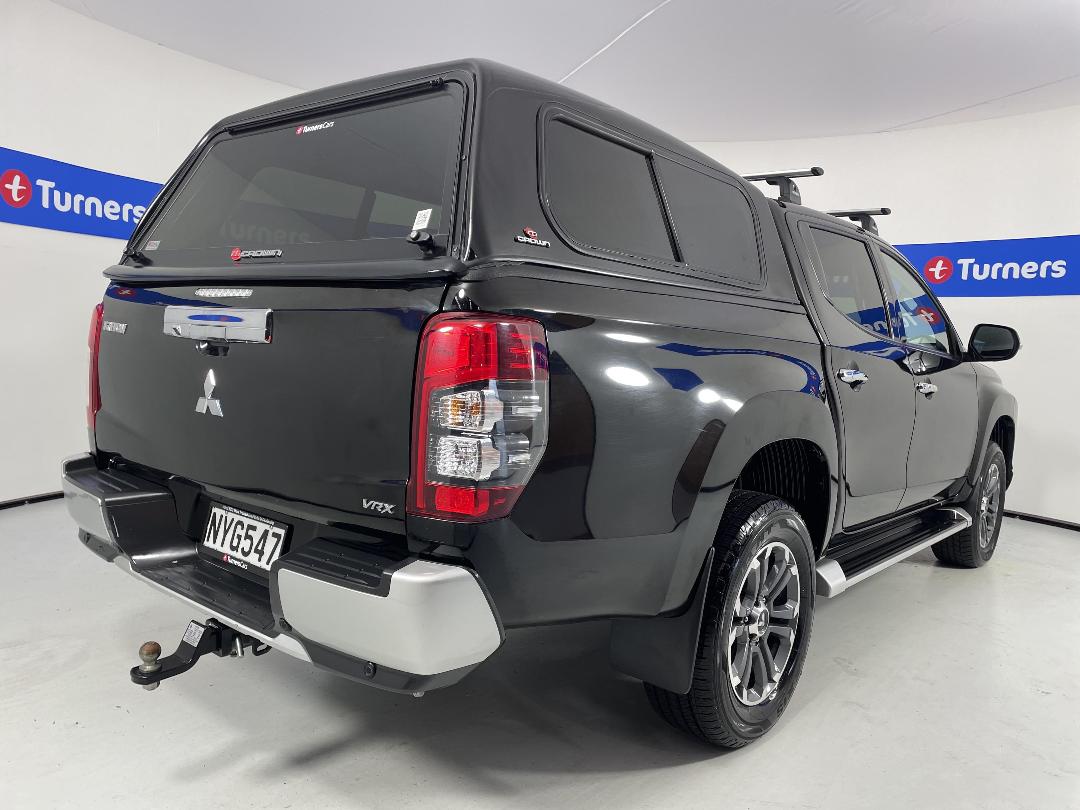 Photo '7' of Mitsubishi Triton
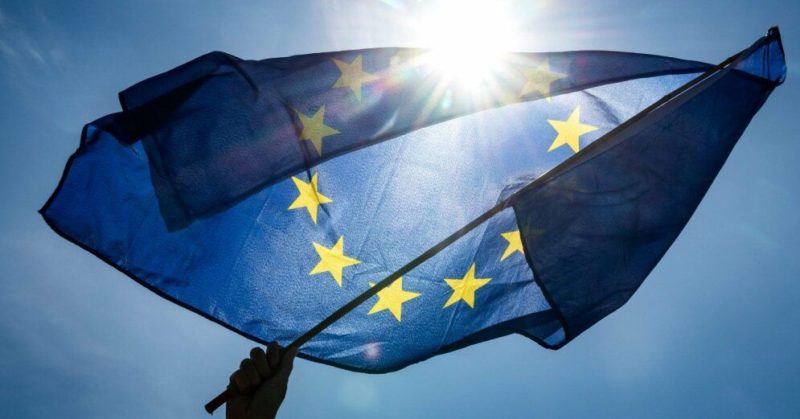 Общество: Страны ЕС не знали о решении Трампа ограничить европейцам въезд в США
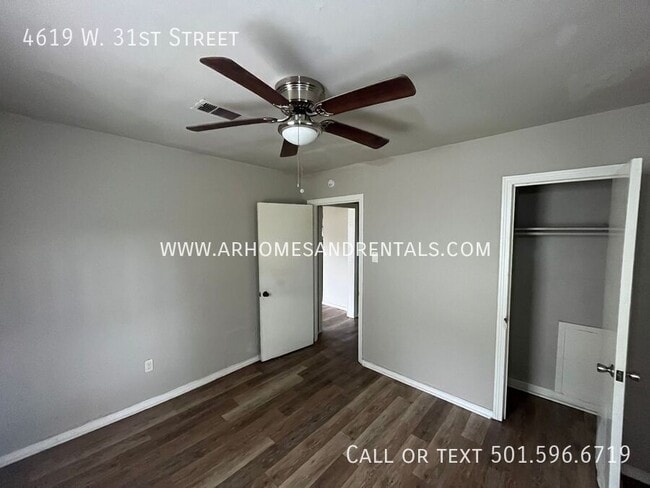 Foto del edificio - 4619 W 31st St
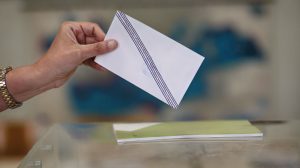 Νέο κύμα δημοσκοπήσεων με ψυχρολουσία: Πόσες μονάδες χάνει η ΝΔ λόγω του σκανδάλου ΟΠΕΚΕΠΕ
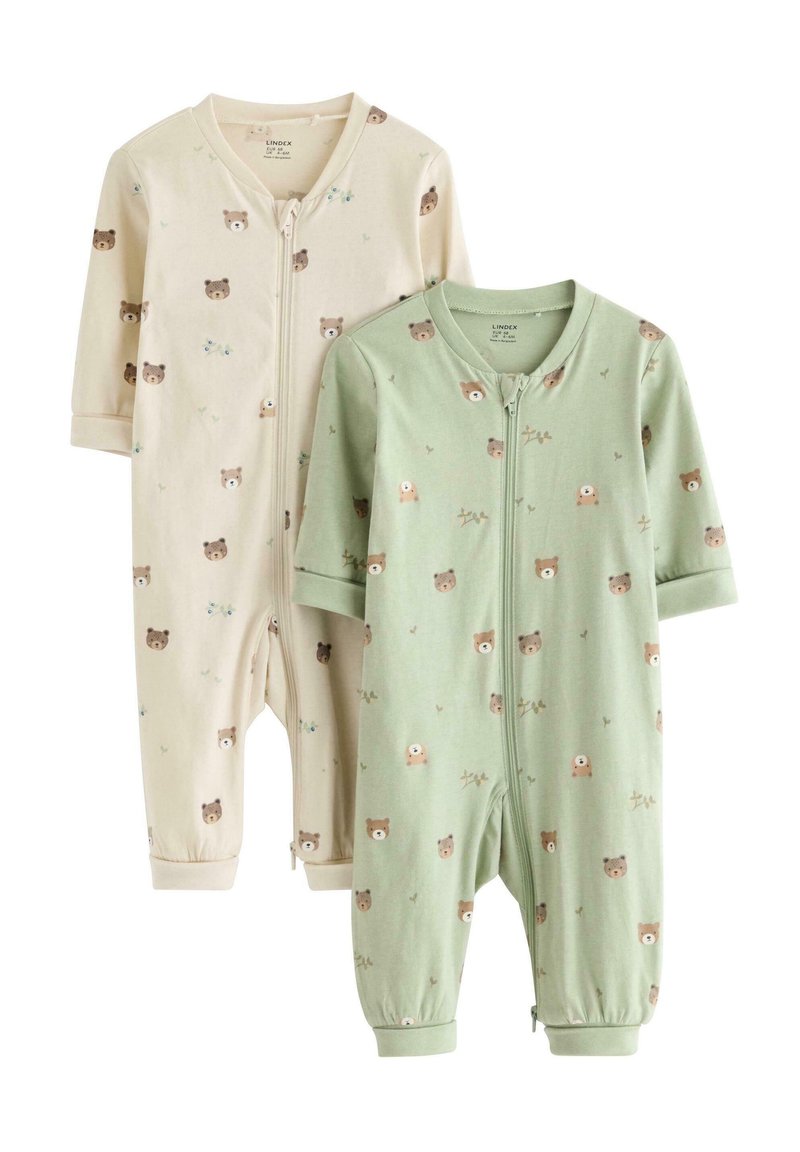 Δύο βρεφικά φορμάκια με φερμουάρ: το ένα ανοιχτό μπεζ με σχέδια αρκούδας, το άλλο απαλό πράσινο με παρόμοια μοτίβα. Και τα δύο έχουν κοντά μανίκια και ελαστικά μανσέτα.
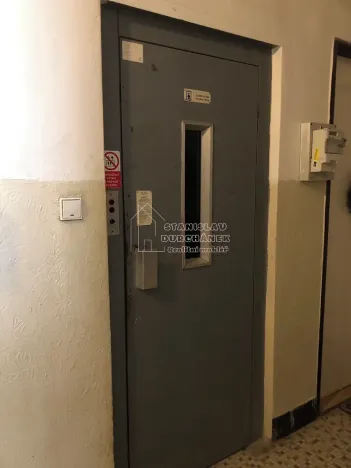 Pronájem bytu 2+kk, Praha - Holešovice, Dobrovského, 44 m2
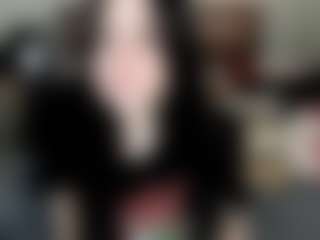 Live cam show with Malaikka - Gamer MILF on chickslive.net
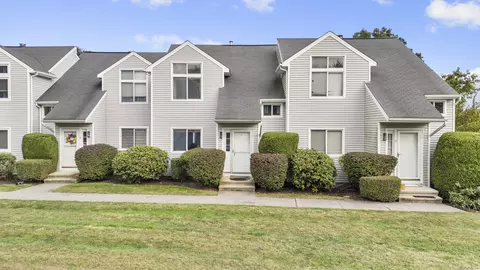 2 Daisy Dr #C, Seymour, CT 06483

========================

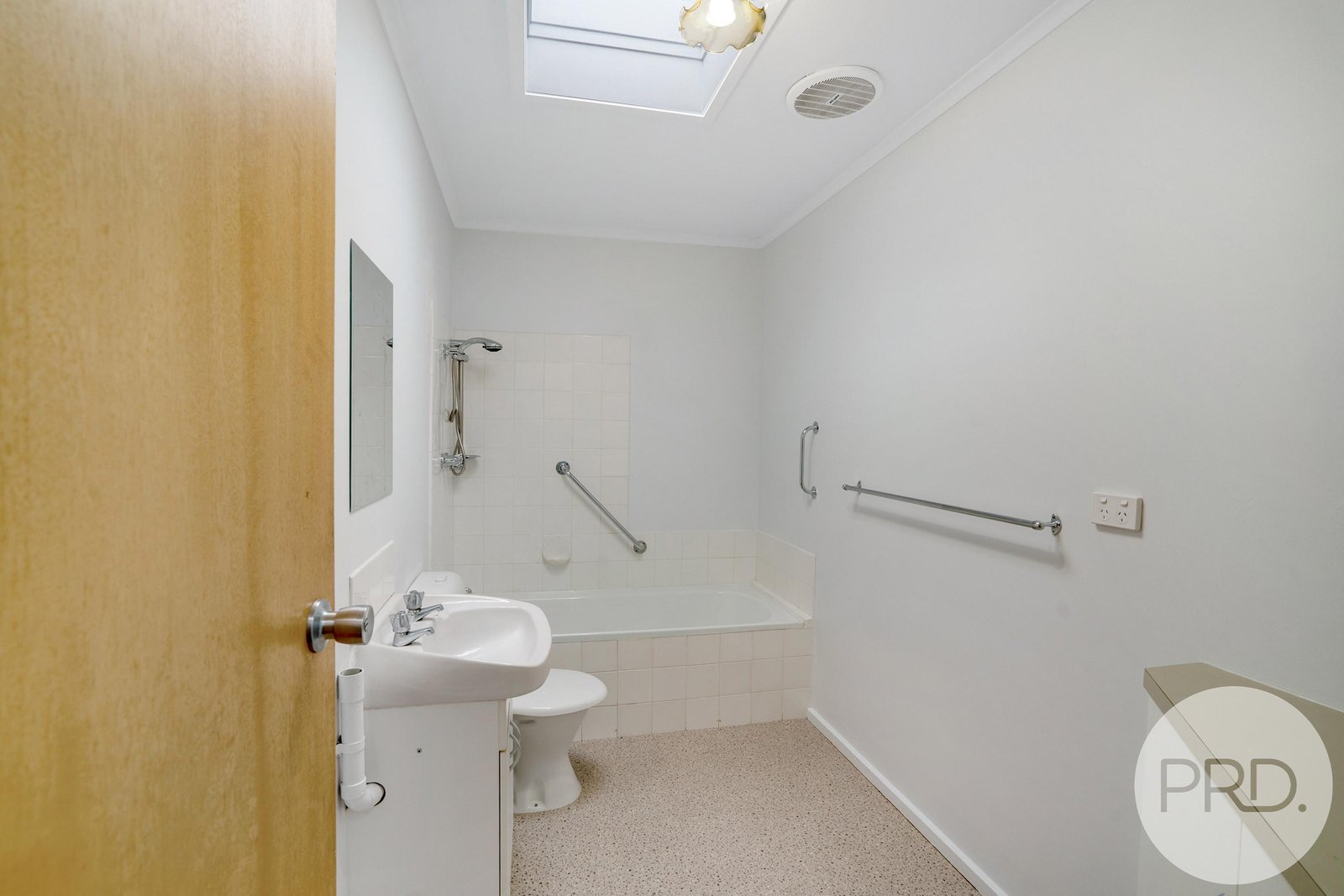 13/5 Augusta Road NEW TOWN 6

========================

> The problem:
In the entries above, find the line that contains "Pronájem bytu 2+kk, Praha" and the line that contains "2 Daisy Dr #C, Seymour, CT 06483". Reproduce exactly those two lines and every line between them, but not the pictures.

> Output of the exercise:
 Pronájem bytu 2+kk, Praha - Holešovice, Dobrovského, 44 m2
 Live cam show with Malaikka - Gamer MILF on chickslive.net
 2 Daisy Dr #C, Seymour, CT 06483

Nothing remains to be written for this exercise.